Sometimes, I surprise even myself.

First, do no harm.

Training AI

Written in


How do you “train” an AI to do something?

If you haven’t read the previous post, you might want to do so now.

So, once you have a neural net configured, how do you decide what weights to assign to all of those connections? This is the process known as “training” the model.

Why do they call it “training”?

At the highest level, training an AI is a bit like training a person. You show them some examples of how the work is done, and you let them do the work under supervision, and correct them when they get it wrong. Eventually, they learn to do it “well enough”, and you let them work unsupervised.

How do you train an AI?

This can get very complicated, but here’s the simplest way to do it:

  1. Start with a neural net with completely-random weights.
  2. Gather a set of inputs, and their expected outputs. This is your “training set”.
  3. Run each of the training inputs through the net. Presumably, most/all of them will generate the “wrong” output.
  4. Generate a “score” for how badly the neural net did at this set of tasks.
  5. Adjust the weights in a way that reduces the overall error generated by the training set.

Simple enough, right? But step 5 is ridiculously computationally-expensive.

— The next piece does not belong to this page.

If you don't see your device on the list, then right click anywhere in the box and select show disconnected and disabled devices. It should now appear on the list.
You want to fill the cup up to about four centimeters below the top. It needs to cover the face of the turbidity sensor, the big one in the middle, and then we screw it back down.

Each time you run a single input through the net, you have to do some number of calculations, call it N. If you adjust one of the weights, then in order to calculate the new error score, you need to run each of the test inputs through the network again, for N x M calculations.

If you’ve got millions of weights, and millions of test inputs, that’s trillions of calculations for each step of training. And you will likely do many steps of optimization to get the net trained. The key point here is that while running a neural network takes a lot of computational resources, training one is orders of magnitude more work.

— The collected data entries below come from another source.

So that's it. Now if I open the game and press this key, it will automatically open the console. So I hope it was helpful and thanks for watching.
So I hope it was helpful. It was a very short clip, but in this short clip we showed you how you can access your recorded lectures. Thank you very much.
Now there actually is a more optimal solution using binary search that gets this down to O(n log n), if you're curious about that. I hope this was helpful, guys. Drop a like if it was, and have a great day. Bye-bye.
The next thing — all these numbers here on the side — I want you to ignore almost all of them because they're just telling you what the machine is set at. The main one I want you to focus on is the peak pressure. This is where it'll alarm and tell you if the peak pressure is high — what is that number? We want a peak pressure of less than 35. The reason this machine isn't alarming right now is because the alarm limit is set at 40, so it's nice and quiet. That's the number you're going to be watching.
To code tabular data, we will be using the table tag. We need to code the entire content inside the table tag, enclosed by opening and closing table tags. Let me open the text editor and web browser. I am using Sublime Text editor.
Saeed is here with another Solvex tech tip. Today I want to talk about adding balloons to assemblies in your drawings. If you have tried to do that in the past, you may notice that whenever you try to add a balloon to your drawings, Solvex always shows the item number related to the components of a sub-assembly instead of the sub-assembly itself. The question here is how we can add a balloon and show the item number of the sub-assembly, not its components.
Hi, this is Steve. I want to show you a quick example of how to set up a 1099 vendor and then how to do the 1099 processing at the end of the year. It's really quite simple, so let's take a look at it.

How does training adjust the weights?

I am not going to go into this into any great detail unless someone asks for it, because it’s very math-y. It’s very similar in principle to finding the lowest value of a simple mathematical function:

The big difference is that in the case of network training, instead of a 2D graph, it’s a million-dimensional graph, which is a lot harder to visualize. But the basic principle applies – start at a random point on the graph, and move around until you find a “lower” spot. Use some clever techniques to ensure you don’t get stuck in a “local minimum”, like the one at x = 6.25 in the graph above.

What are some common issues with training?

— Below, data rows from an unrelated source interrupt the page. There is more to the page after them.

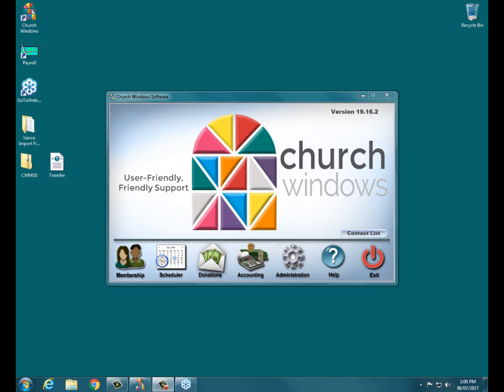Good afternoon everyone. Welcome to today's webinar event. We're going to go ahead and get started here. Hopefully everybody can hear me okay. It is promptly 1 p.m. Eastern time today. We're going to go ahead and get started. My name is Joshua and I'm going to be your presenter today.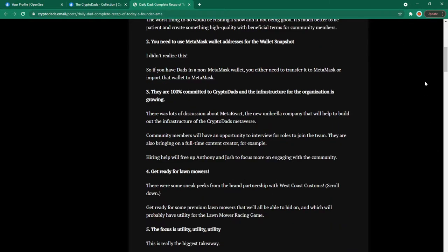Number two you need to use metamask wallet address for the wallet snapshot. I didn't realize this so if you have dads in a non-metamask wallet you either need to transfer it to metamask or import that wallet to metamask.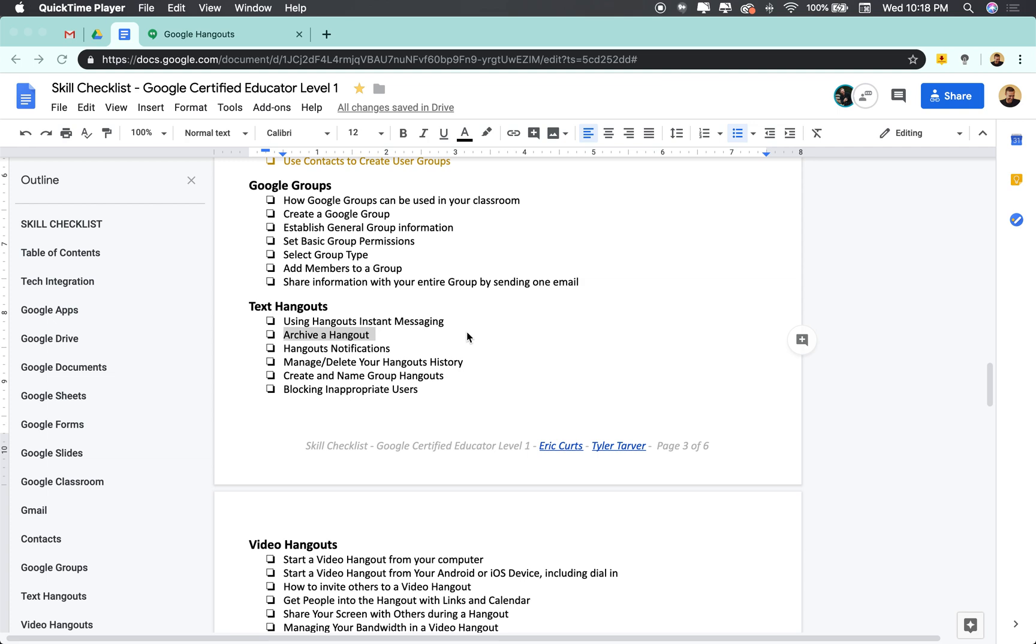Hey there ladies and gentlemen, this is Tyler with Tarver Academy and I'm so excited you're here. I hope that we can learn together and help get you trained up to be a Google Certified Educator.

The training process is very sensitive to errors in preparing the training data and in evaluating the results. Some common problems you see in practice are:


If the net is sufficiently large, and the training data is sufficiently small (or largely repetitive), you can get a net which produces perfect results for the input data, but utterly fails at producing valid output for anything outside the training set.

And this is a key thing – a neural net will always produce some output, for a given input. Depending on the design of the network, and especially any post-processing being done, you might get an output telling you the level of confidence it has in the results, but then again, you might not.

Optimizing for the wrong thing

This is sort of a more generic version of the over-fitting problem. The training process tries to minimize the overall error for a set of data. It doesn’t actually care in any way about what all of the internal state of the network represents, it’s just trying to produce the “correct” outputs for the given inputs.

A widely-circulated anecdote of this dates from several years ago, when an attempt was being made to train an anti-tank missile to detect enemy tanks and lock on to them. As it happens, the training data only included images of “tanks” in high light conditions, but the “not a tank” images were taken in a variety of lighting conditions. The end result was that anything vaguely box-like that was well-illuminated was determined to be a tank. Not at all what the designers had in mind.

This tendency for AI training to optimize for “the wrong thing” crops up over and over in the research. One experiment was using AI to build simulated robots with the “fastest” performance for a simulated task. What ended up happening was that the AI came up with a design that exploited logic bugs in the simulation to move faster than the rules should have allowed.

Training from biased samples

An argument you’ll occasionally see given for implementing AI in decision-making processes is that it will eliminate human biases from the system. Well, okay – but where do you get the “correct” outputs for a training set? By either consulting the human experts, or by taking historical decisions as “correct”. In that case, what you’re actually doing is codifying the existing biases of the system, except that you’re doing it in a way which is fundamentally opaque, and adds a veneer of impartiality.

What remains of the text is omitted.